DATA FOR ANALYSIS ->

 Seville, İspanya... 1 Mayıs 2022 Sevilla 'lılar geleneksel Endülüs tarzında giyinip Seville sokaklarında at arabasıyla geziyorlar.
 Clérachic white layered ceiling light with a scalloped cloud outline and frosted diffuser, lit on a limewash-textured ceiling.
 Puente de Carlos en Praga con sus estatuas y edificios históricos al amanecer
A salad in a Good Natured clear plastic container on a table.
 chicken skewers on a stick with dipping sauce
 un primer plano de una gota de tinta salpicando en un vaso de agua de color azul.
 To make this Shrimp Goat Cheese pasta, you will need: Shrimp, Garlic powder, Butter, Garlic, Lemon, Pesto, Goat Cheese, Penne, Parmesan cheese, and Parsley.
---
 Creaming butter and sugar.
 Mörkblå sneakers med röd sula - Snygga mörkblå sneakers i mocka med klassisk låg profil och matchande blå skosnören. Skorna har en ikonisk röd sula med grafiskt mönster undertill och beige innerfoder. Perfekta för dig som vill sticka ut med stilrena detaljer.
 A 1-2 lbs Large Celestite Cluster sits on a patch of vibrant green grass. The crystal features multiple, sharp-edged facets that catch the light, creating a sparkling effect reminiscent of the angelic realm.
--
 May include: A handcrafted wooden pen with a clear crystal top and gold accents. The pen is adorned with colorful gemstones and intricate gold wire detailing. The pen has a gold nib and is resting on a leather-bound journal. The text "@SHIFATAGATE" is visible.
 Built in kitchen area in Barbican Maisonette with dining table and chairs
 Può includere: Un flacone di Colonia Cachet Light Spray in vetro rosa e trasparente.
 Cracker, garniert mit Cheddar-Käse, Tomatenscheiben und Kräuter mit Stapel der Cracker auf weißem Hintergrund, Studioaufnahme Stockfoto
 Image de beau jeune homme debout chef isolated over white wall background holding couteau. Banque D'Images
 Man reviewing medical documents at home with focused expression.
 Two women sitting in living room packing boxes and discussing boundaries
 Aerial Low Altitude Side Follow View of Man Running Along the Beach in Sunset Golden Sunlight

REQUIRED ACTION ->
One stretch of the lines above is wanted, from the line that contains "May include: A" through the line that contains "Aerial Low Altitude". Output it exactly.

COMPLETED EXERCISE ->
 May include: A handcrafted wooden pen with a clear crystal top and gold accents. The pen is adorned with colorful gemstones and intricate gold wire detailing. The pen has a gold nib and is resting on a leather-bound journal. The text "@SHIFATAGATE" is visible.
 Built in kitchen area in Barbican Maisonette with dining table and chairs
 Può includere: Un flacone di Colonia Cachet Light Spray in vetro rosa e trasparente.
 Cracker, garniert mit Cheddar-Käse, Tomatenscheiben und Kräuter mit Stapel der Cracker auf weißem Hintergrund, Studioaufnahme Stockfoto
 Image de beau jeune homme debout chef isolated over white wall background holding couteau. Banque D'Images
 Man reviewing medical documents at home with focused expression.
 Two women sitting in living room packing boxes and discussing boundaries
 Aerial Low Altitude Side Follow View of Man Running Along the Beach in Sunset Golden Sunlight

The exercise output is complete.